◆ Problem:
After locating the line with "Pelotas De Golf", repeat it and every following line to the end of the listing, exactly. Omit the pictures.

----- Supplied data

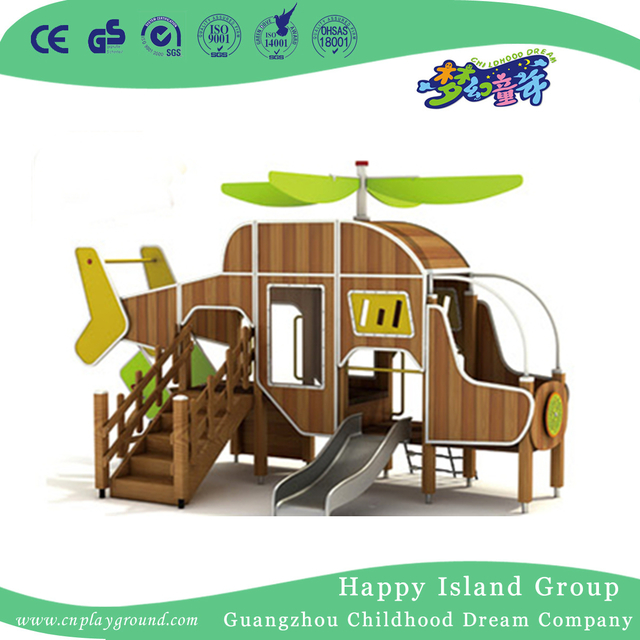 Kleine hölzerne Spielhaus-Ausrüstung im Freien mit Edelstahl-Dia (HHK-4501)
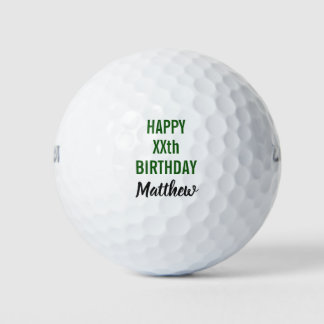 Pelotas De Golf Feliz cumpleaños Golfer Typografía moderna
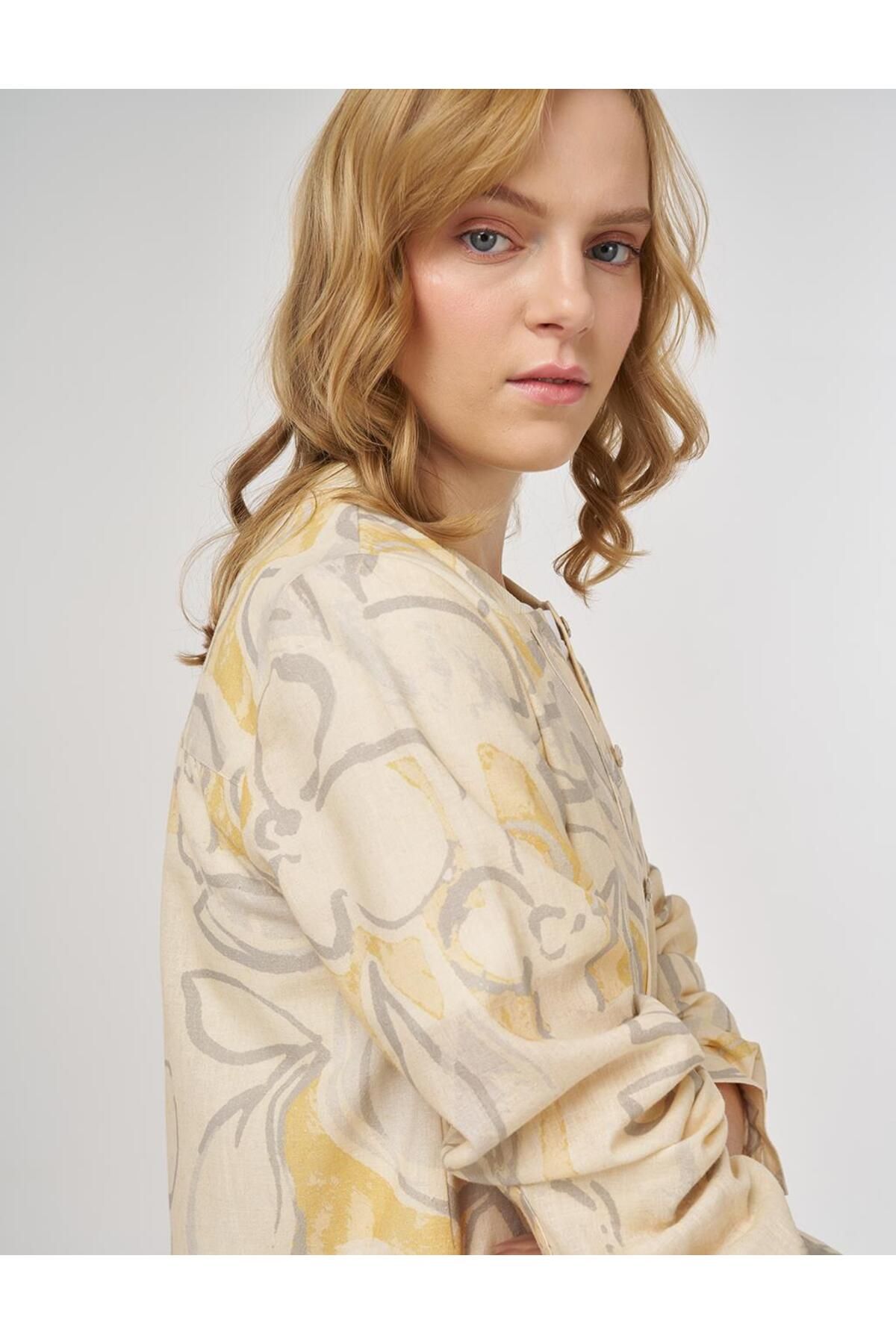 Kayra-Abstract Pattern Cotton Linen Tunic Cream 7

----------

◆ Exercise answer:
 Pelotas De Golf Feliz cumpleaños Golfer Typografía moderna
 Kayra-Abstract Pattern Cotton Linen Tunic Cream 7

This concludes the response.